Data section start

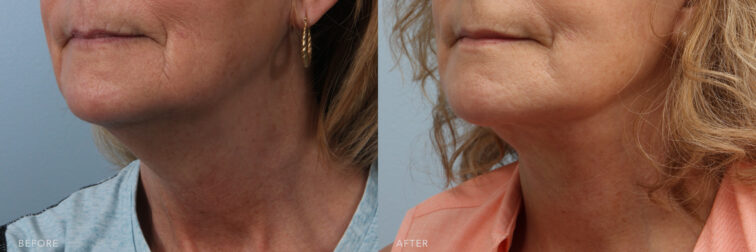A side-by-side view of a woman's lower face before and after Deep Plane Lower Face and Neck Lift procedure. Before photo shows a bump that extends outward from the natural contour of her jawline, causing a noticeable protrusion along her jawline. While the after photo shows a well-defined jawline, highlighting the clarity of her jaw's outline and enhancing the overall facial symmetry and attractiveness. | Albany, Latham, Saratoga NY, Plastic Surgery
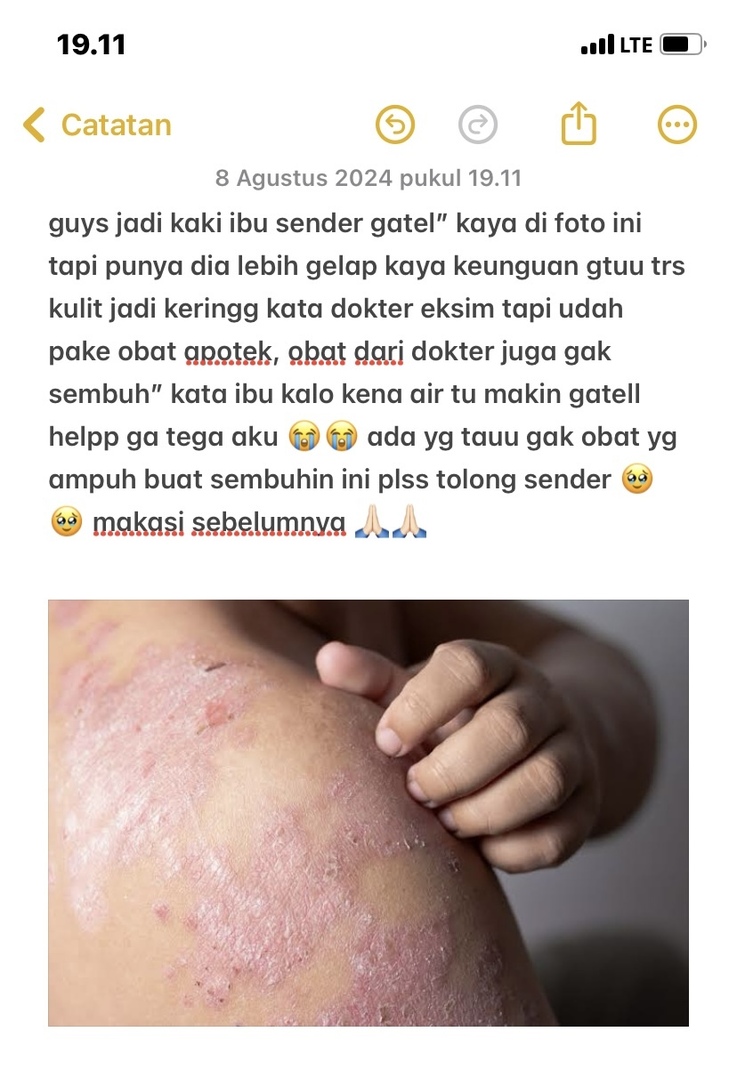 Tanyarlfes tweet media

Data section end
Data section start

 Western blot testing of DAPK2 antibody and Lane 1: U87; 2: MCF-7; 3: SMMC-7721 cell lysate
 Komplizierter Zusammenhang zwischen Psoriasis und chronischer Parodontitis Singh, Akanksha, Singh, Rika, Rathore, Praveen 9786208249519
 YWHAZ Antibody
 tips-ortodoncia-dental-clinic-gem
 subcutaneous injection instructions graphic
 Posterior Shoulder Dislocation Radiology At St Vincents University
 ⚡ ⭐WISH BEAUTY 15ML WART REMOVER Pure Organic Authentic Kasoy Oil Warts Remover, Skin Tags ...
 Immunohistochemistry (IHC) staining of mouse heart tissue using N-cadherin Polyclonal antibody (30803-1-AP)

Data section end

From the entries above, give again exactly the lines running from the line with "YWHAZ Antibody" to the line with "Immunohistochemistry (IHC) staining"; include both of those lines.

 YWHAZ Antibody
 tips-ortodoncia-dental-clinic-gem
 subcutaneous injection instructions graphic
 Posterior Shoulder Dislocation Radiology At St Vincents University
 ⚡ ⭐WISH BEAUTY 15ML WART REMOVER Pure Organic Authentic Kasoy Oil Warts Remover, Skin Tags ...
 Immunohistochemistry (IHC) staining of mouse heart tissue using N-cadherin Polyclonal antibody (30803-1-AP)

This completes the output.